Dazu passt ihre Positionierung zu den sozialen Fragen. Sie wird keine weitere gesellschaftspolitische Liberalisierung betreiben, in ihren Ankündigungen nahm sie eher restriktive Positionen beim Schwangerschaftsabbruch, bei der Elternschaft von Gleichgeschlechtlichen und bei der Sterbehilfe ein, die zuletzt in der Diskussion waren.
Berlusconi ist gebrechlich
Falls sie Antonio Tajani, den ergebenen Sprecher Berlusconis, zum Außenminister macht, wäre das eine klare Botschaft der Zugehörigkeit zur und Kooperation mit der EU. Tajani war EU-Kommissar und EU-Parlamentspräsident. Berlusconi hat zwar immer noch alle Zügel seiner Partei in der Hand, ist aber gebrechlich. Er hat übrigens das Kunststück fertiggebracht, den Mehrheitswahlkreis Monza klar zu gewinnen, dessen Fußballverein er in die Serie A geführt hat.
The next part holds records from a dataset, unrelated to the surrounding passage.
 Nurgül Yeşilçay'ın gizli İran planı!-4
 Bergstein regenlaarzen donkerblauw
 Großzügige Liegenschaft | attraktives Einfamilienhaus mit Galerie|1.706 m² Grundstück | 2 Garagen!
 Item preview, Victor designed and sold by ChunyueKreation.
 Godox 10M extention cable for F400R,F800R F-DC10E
Sollte Tajani zunehmend eigenständige Macht in der Partei Forza Italia gewinnen, wäre das für die EU-Orientierung weiter förderlich. Das alles kann aber anders kommen, wenn Meloni einen ihrer eigenen Leute zum Außenminister machen sollte.
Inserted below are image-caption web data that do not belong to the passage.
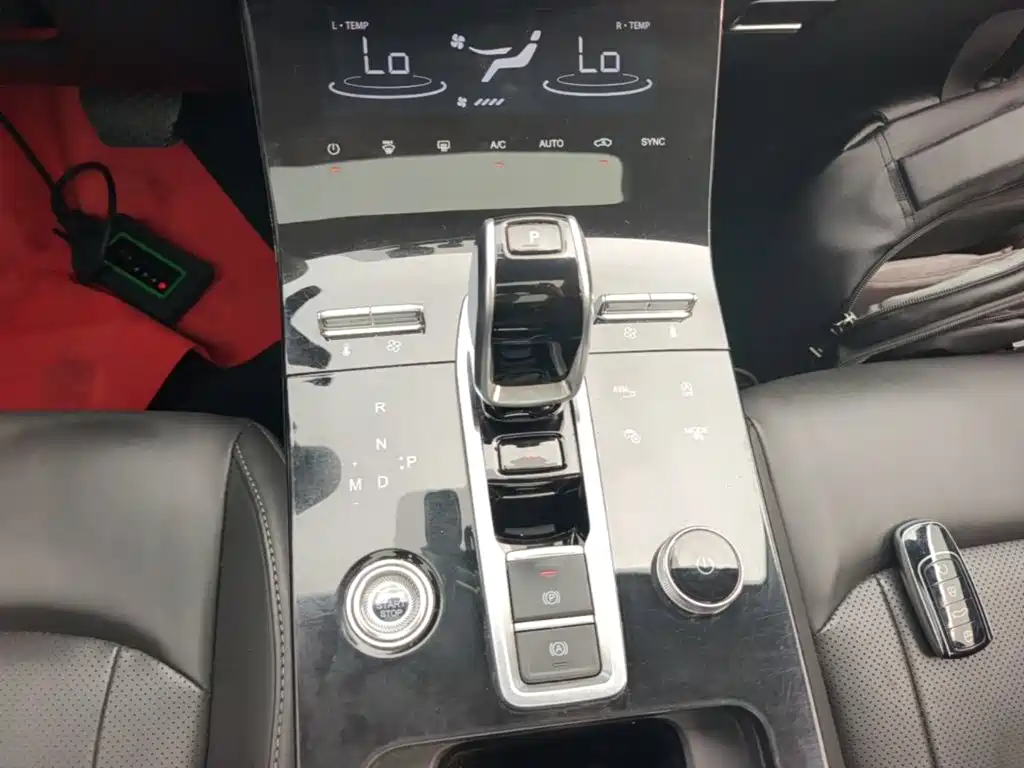 Chery Tiggo 8 PLUS 2021 — фото 14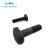 Import High Strength carbon steel threaded Bolt Standard Square Head from China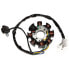 SGR 8 Poles GY6/8C Stator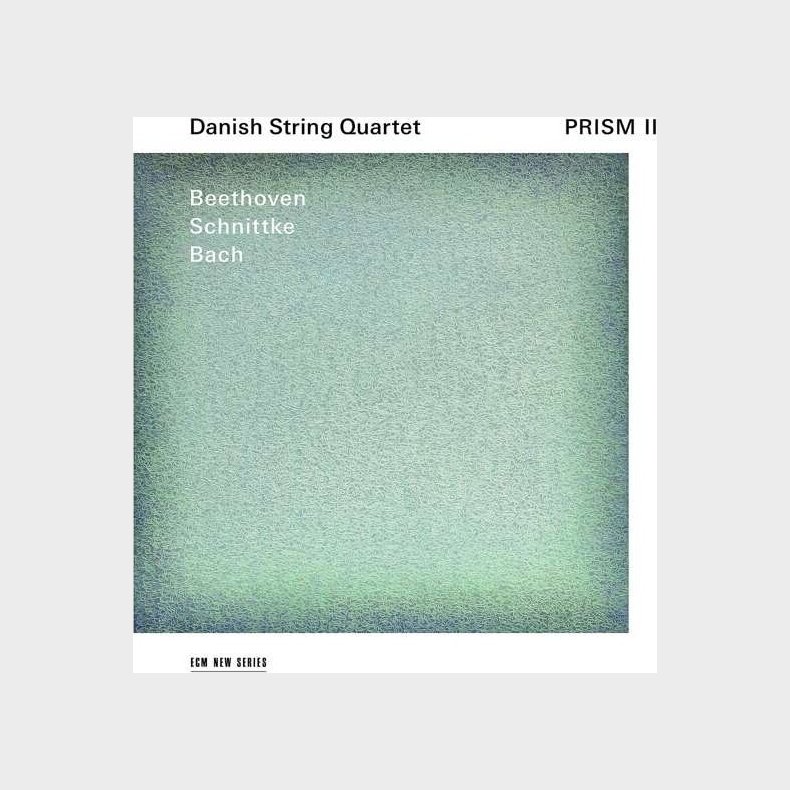 Danish String Quartet - Prism Ii - CD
Was kann man mittelfristig erwarten? Die Regierung kann stabil sein wegen der klaren Mehrheit der Sitze in beiden Häusern. Sie könnte es verschmerzen, wenn einige Abgeordnete oder Senatoren wie in der Vergangenheit ihre „Jacke wechseln“ oder wenn diese mal wieder eine neue Partei gründen würden. Die beiden Juniorpartner Lega und FI haben allerdings jeweils genügend Sitze, um die Mehrheit einer Regierung Meloni in Abstimmungen zu kippen.